- _What is needed_
Report how many lines in the listing below include the string "Foto", and write nothing more.

- _Provided data_
::::::::

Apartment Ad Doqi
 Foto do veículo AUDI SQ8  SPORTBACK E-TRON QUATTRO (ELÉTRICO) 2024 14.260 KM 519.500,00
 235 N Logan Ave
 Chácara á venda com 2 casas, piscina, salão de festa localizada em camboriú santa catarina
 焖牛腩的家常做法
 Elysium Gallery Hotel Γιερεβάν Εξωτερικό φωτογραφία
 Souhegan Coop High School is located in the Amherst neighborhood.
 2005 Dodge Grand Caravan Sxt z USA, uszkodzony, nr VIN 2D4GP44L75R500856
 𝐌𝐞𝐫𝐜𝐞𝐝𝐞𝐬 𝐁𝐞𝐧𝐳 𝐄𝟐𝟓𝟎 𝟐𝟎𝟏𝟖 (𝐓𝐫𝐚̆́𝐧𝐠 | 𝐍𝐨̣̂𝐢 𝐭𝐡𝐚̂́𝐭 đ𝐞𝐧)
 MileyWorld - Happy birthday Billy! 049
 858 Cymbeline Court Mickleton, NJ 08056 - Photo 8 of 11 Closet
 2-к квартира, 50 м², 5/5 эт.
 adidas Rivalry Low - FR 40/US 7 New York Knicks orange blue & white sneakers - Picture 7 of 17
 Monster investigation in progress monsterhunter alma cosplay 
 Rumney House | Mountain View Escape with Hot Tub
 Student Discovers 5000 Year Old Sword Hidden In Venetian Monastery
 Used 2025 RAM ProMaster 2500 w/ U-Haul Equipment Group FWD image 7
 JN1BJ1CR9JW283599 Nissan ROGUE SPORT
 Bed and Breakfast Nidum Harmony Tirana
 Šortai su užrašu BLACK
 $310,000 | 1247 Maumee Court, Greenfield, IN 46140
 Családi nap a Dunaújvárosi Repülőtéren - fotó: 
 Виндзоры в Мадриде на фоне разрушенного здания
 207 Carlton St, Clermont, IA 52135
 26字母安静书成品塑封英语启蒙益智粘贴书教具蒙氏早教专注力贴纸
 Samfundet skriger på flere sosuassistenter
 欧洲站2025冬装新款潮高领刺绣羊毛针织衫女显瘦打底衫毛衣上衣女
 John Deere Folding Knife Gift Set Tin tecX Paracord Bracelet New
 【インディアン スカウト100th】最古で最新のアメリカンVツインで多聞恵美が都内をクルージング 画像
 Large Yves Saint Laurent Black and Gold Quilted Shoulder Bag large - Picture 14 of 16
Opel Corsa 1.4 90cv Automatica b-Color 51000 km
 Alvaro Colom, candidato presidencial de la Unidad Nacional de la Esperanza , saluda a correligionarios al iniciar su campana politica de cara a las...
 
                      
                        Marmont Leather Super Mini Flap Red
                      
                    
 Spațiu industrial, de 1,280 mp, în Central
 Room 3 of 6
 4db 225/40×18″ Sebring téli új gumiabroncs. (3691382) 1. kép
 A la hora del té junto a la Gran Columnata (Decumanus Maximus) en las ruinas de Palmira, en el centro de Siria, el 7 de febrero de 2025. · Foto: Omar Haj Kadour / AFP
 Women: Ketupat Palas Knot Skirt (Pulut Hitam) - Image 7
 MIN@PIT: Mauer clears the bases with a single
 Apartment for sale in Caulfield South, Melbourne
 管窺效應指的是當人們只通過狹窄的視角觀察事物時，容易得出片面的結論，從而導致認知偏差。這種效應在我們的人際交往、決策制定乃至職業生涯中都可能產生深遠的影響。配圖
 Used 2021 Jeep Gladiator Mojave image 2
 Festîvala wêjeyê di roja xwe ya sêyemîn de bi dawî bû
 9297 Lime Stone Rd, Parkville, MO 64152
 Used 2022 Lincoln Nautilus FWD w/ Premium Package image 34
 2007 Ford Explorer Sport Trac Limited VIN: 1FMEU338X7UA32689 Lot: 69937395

::::::::

- _Solution_
2